My military experiences, those I remember. I didn't suppress them to the point I couldn't remember them, I just avoided the heck out of them and sort of skirted them (well, okay, there are some parts where there are black holes in my memories, but I sure know they happened). I told him about them, but how could I get deeply into military trauma with someone who actually asked me why I didn't just quit and go home (seriously, he asked me that).
I started writing this yesterday afternoon and just walked away from my computer. Needless to say, I didn't sleep and I'm still just as crazy worried as I was yesterday.

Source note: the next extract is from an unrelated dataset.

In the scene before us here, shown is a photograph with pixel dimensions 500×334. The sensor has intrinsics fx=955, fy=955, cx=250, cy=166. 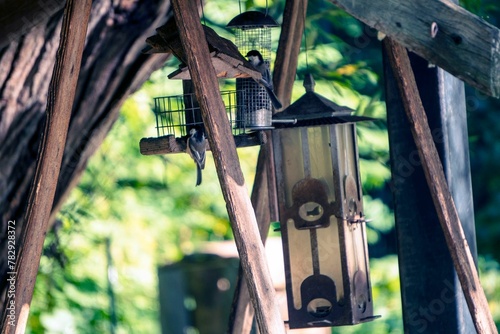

I'm really freaked because I'm afraid he's going to put in my records that my problems stem from a bad childhood, not from the things that I witnessed and had forced upon me in the military. And I'm afraid that the raging hostility I feel toward him is going to show through, and I don't think it's ever good to alienate your VA providers if you can avoid it. And I'm afraid he's going to judge me with his ego on full, with bias because I refused to accept his analysis of my problem.
Can a civilian shrink use his old records of your sessions against you as a VA provider? I didn't give the VA permission to procure records from any of my civilian shrinks because none of them were vets, none of them understood anything that didn't have to do with parents who got divorced or siblings who called names. Although, I often talked about my first marriage, to the soldier who was controlling and cruel. I can't bear to think that my VA records could possibly include accusations about my poor father.
Sorry, I'm rambling. Rattling. I don't know who to turn to.